Google wins in ‘right to be forgotten’ fight with France

European Court of Justice rules Google does not have to remove links outside Europe

The court ruled that EU law did not automatically apply outside the bloc. Photograph: Johannes Eisele/AFP/Getty

The court ruled that EU law did not automatically apply outside the bloc. Photograph: Johannes Eisele/AFP/Getty

 

Google will not have to impose a global block on searches for information about EU citizens who invoke the “right to be forgotten”, after a court ruling that amounts to a victory for the tech giant and internet freedom activists.

The European Court of Justice on Tuesday ruled that Google’s delisting of search results that concern EU citizens should apply only in the bloc’s 28 member states.

The case is the first major ruling clarifying the geographical scope of the right to be forgotten, which since 2014 has allowed EU citizens to request delistings of information they deem “inaccurate, inadequate, irrelevant or excessive”.

The court said EU law did not automatically apply outside the bloc. It said Google and other search engines should take measure to “discourage” internet users outside the EU from carrying out searches that could lead to links delisted in the bloc. Judges said member states would have to decide if Google was taking adequate measures in this regard.

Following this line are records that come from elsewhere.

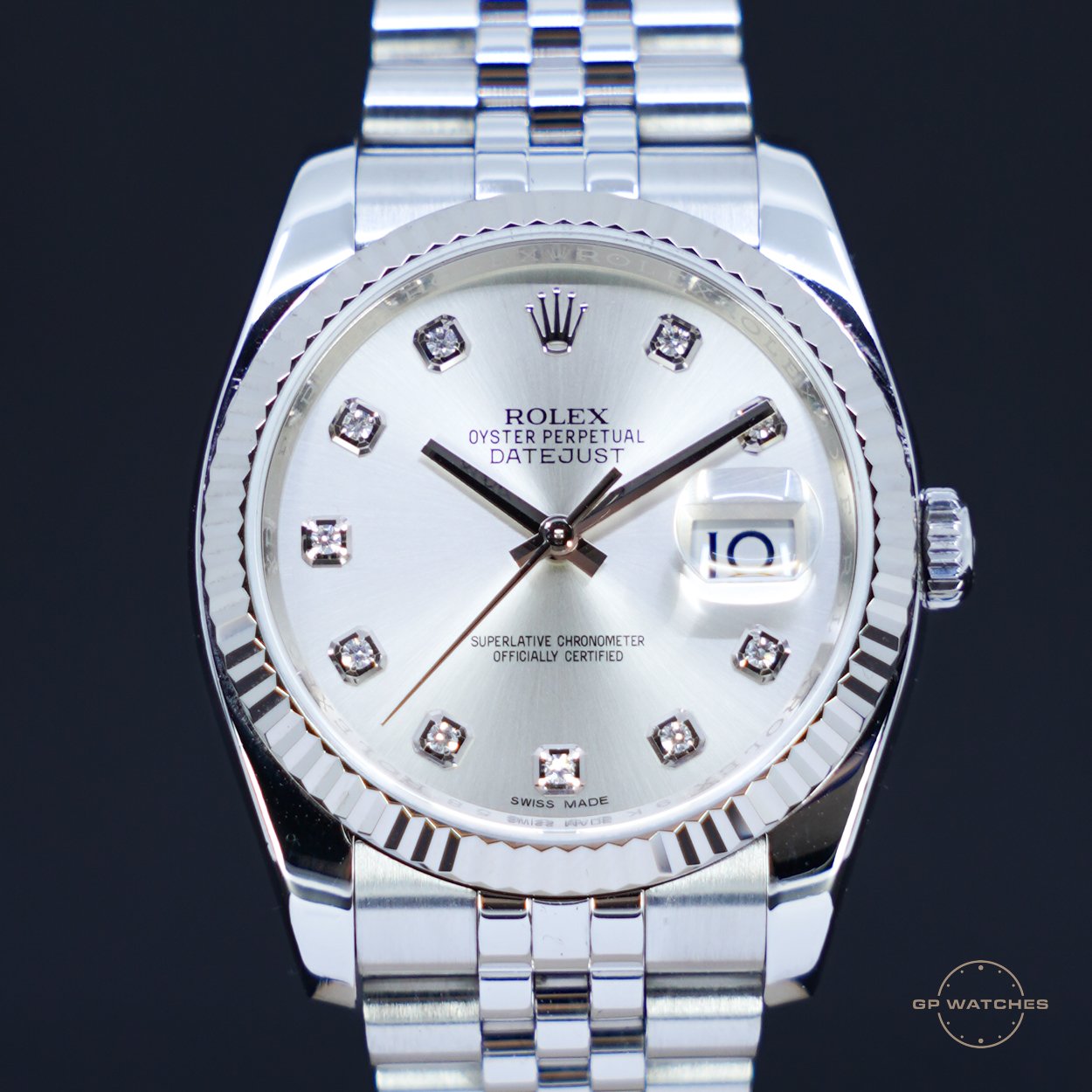 A close-up of a Rolex Oyster Perpetual Datejust watch with a silver dial, diamond hour markers, and a date display at 3 o'clock, set against a black background.
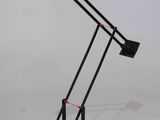 the black lamp is on a white surface with a white background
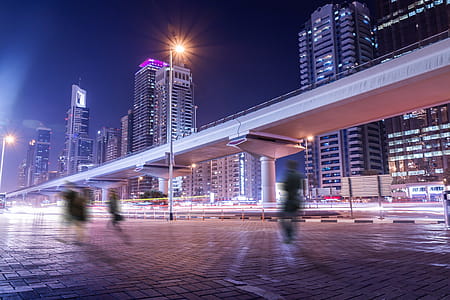 Amazing night atmosphere in Dubai. People on the street in motion thumbnail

The case arose after Google challenged a €100,000 fine from France’s data protection regulator, which ordered the company to delist material across its global domains, citing the right to be forgotten principle.

Google and civil liberties organisations have argued that global delisting impinges on free speech and would in effect be a way to enforce EU privacy standards in countries without similar laws.

Responding to the judgment, Peter Fleischer, senior privacy counsel at Google, said: “It is good to see that the court agreed with our arguments, and we are grateful to the independent human rights organisations, media associations and many others around the world who also presented their views.”

‘Victory’ hailed

Thomas Hughes, executive director of article 19, an organisation that led a coalition of free speech groups in the case, called the ruling a “victory for global freedom of expression”.

“Courts or data regulators in the UK, France or Germany should not be able to determine the search results that internet users in America, India or Argentina get to see,” he said, adding that the court was right to recognise that the balance between privacy and free speech may vary around the world.

The European Commission backed Google in the case. Brussels on Tuesday said the judgment clarified that “the right to be forgotten applies within the EU and that search engine operators have to take sufficiently effective measures to ensure the protection of this right”.

“Within the EU, rules on data protection apply and have to be respected, and this applies to the right to be forgotten,” said a spokesman for the commission.

The right to be forgotten was enshrined by EU judges after a Spanish national brought a legal challenge against Google and a Spanish newspaper to remove links to a story about his home repossession from 1998.